New books on Himmler and Heydrich (1 Viewer)

Combat

Brigadier General
Joined
Jun 10, 2005
Messages
10,518
Came across these on the NY Times today:

Hitler's Hangman by Robert Gerwarth

In calm and harrowing detail, Gerwarth (Modern History, War Studies/Univ. College Dublin; The Bismarck Myth: Weimar Germany and the Legacy of the Iron Chancellor, 2005, etc.) explores the life and work of the embodiment of Nazism, Reinhard Heydrich (1904–1942).

The author trails the life of this favorite of the Fuhrer, the Gestapo chief, from his comfortable childhood as the favored son of a musician through his career as a paragon of Nazi philosophy put into practice. Rumors of the taint of Jewish blood in the veins of the arrogant man wearing the cap with the death's-head insignia were untrue. After being drummed out of the German navy, the ambitious young man found his calling in the nascent SS, quickly rising to second in command under Heinrich Himmler. The "Jewish expert" Eichmann reported to Heydrich, who was instrumental in establishing the Kristallnacht pogroms of 1938. He conceived ghettoes as storage places for Jews until more convenient disposal could be arranged. The requirement for Jews to wear the yellow star was his idea, and he worked to rapidly increase the population of the concentration camps. To ease the work of his murderers, Heydrich pioneered the use of lethal gas. Breaks from his day job of killing civilians included flying missions with the Luftwaffe just for fun. His successes earned him the Protectorate of Moravia and Bohemia. As the war progressed, the Jewish "final solution" evolved, and Heydrich convened Wannsee to implement it early in 1942. A few months later, he was assassinated. In partial reprisal, the village of Lidice and its inhabitants were liquidated.Page by page in this scholarly history, Gerwarth builds a complex story of the perfection of mass murder.
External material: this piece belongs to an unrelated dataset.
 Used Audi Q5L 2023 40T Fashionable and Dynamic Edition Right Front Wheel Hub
The author meticulously takes us inside the Third Reich, face to face with the Nazi hero, revealing as few texts do how the bureaucracy of evil worked.
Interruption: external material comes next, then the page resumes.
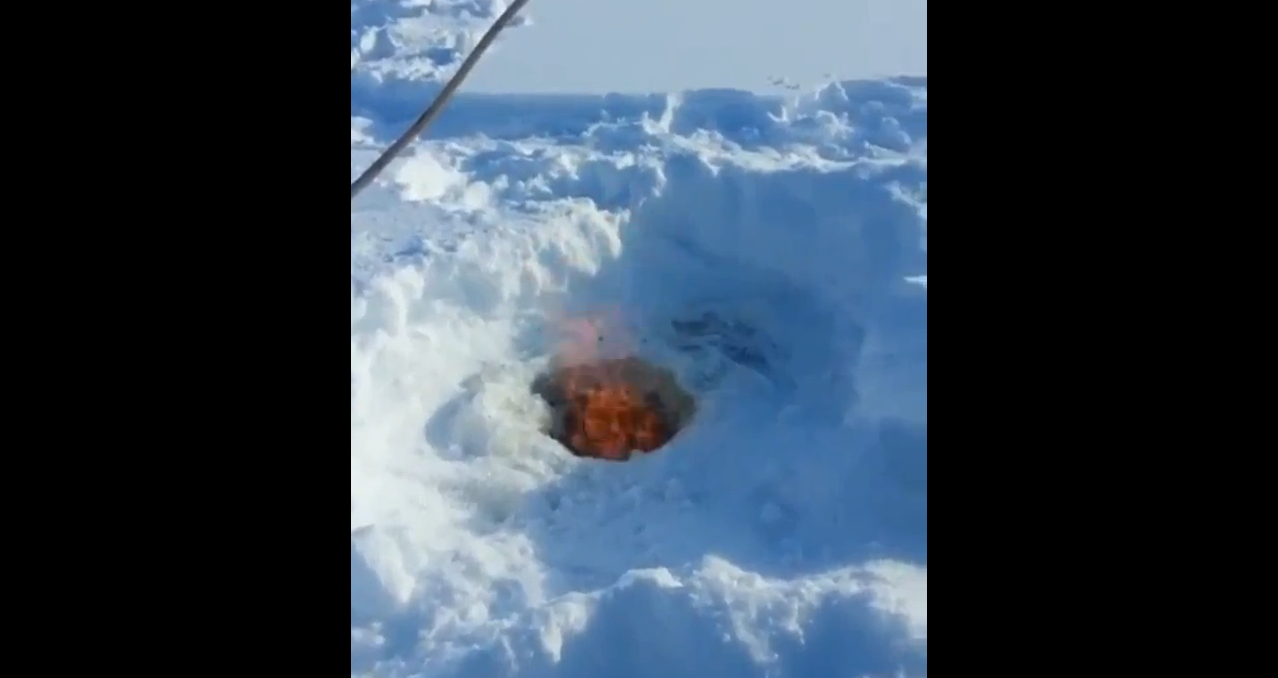 Went fishing found natural gas - Yakutia, Natural gas, Gas, Fishing, , Video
Heinrich Himmler: A Life by Peter Longerich

With access to new material, Longerich (Holocaust), professor of history at the University of London, delivers an exhaustive biography of the notorious Nazi. Himmler (1900–1945) grew up in a stable, middle-class family, entering adulthood deeply resentful of Germany’s defeat in WWI. Needy and self-critical, he was a good student and voracious reader whose belief in Aryan superiority was not rare in his generation. Joining the Nazis, he played a minor role in Hitler’s 1923 beer hall putsch. In 1929 Hitler appointed him head of the SS, a small organization of bodyguards which Himmler expanded to an elite force. The SS’s fierce loyalty to Hitler won Himmler command of all Nazi security (police, concentration camps, extermination camps, and mobile killing squads) when Hitler liquidated the rowdier, independent paramilitary SA in 1934. Longerich does not reveal why this modestly neurotic man committed so many unspeakable acts; his diligence may render earlier works obsolete, but he includes so many administrative details and political maneuvers that general readers may prefer the shorter (if not short) 2001 Peter Padfield biography. (Jan.)
 
Just finished reading the above Heydrich biography-very good!